◆ Work order
Nothing but a number should be returned: the count of lines in the records that contain "illustration".

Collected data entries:
════

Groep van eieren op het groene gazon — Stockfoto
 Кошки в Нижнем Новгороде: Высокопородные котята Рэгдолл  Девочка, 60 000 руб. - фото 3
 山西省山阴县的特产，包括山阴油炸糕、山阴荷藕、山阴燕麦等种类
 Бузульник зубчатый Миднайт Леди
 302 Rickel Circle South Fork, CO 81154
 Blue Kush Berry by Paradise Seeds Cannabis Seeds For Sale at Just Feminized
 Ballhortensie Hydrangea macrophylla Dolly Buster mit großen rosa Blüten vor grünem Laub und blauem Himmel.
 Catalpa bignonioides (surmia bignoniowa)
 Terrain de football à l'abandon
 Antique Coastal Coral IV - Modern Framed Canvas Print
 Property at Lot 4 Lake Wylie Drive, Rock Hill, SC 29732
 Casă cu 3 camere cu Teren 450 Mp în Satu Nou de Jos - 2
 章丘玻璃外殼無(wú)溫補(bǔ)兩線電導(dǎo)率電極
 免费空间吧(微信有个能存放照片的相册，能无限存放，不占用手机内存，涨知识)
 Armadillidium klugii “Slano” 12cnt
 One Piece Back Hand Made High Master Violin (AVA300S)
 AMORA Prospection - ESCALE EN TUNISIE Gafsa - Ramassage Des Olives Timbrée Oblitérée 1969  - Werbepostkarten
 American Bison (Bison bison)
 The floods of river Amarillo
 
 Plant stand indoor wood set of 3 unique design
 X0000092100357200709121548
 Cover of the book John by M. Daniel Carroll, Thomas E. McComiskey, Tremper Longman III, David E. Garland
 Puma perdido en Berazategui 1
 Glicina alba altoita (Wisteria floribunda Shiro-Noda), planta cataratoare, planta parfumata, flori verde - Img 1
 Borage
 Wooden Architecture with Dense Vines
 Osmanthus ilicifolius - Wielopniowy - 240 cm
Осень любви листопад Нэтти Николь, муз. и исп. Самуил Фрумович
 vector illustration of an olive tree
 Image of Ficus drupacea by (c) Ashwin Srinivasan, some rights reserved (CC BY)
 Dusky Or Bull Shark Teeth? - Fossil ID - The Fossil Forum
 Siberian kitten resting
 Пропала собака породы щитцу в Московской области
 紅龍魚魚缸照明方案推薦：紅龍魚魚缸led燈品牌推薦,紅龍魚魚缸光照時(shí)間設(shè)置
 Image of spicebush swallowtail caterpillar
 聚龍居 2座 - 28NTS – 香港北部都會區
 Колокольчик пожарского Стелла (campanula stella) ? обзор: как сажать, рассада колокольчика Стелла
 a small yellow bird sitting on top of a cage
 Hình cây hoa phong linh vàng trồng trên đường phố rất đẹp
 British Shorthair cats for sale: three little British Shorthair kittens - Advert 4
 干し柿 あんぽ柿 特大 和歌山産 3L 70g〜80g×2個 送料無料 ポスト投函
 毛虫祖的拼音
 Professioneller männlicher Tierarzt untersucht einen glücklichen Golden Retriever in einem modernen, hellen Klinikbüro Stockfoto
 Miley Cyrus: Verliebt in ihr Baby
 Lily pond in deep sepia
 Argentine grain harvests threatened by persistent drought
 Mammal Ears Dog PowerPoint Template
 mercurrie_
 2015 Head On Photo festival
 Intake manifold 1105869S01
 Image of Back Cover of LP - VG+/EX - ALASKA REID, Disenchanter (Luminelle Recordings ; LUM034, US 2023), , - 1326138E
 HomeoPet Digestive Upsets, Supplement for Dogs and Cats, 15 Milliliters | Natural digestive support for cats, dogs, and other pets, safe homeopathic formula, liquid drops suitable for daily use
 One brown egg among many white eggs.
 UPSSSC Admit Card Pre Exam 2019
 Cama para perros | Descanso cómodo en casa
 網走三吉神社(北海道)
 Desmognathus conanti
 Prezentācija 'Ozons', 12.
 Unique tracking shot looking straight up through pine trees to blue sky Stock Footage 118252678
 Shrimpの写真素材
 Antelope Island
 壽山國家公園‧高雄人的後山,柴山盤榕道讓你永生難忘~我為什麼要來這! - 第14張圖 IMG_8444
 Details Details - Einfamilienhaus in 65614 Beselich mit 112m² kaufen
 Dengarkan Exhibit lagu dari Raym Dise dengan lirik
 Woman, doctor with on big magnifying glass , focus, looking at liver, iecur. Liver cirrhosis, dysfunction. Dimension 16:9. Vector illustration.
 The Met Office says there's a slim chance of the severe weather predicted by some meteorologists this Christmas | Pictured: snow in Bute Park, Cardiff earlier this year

════

◆ Exercise solution
2